[[ GIVEN INFORMATION, beginning ]]

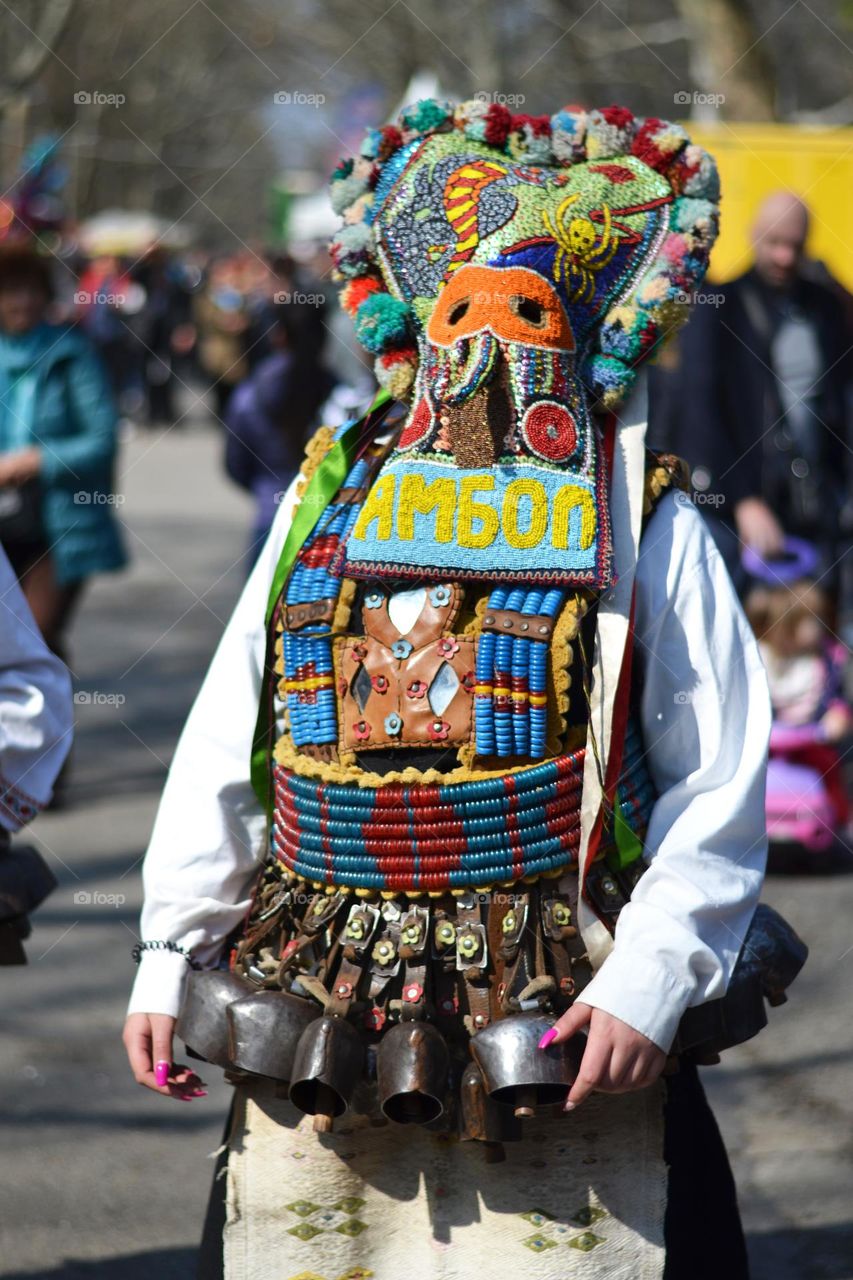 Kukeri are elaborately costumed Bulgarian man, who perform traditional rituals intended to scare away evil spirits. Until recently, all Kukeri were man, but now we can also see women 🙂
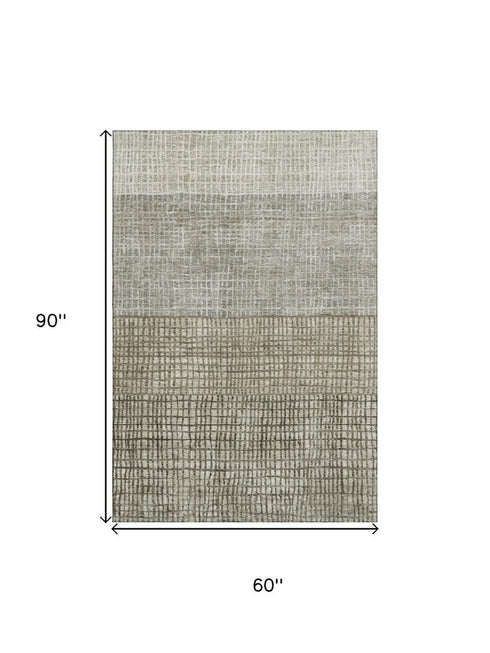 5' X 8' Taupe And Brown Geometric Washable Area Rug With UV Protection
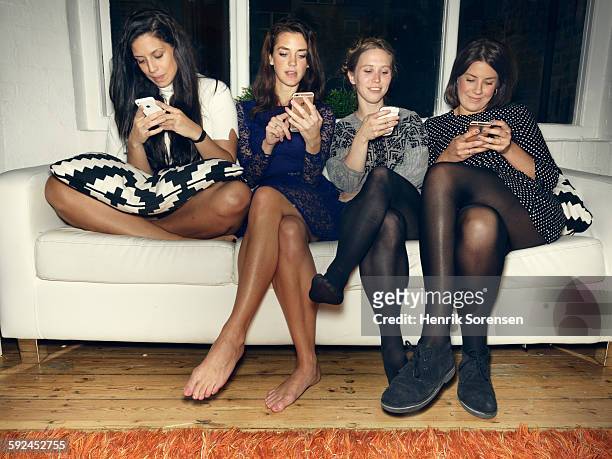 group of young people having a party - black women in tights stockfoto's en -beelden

[[ GIVEN INFORMATION, end ]]

*TRY IT*
Set down the data exactly as it appears, without any images.

*TASK RESULT*
 Kukeri are elaborately costumed Bulgarian man, who perform traditional rituals intended to scare away evil spirits. Until recently, all Kukeri were man, but now we can also see women 🙂
 5' X 8' Taupe And Brown Geometric Washable Area Rug With UV Protection
 group of young people having a party - black women in tights stockfoto's en -beelden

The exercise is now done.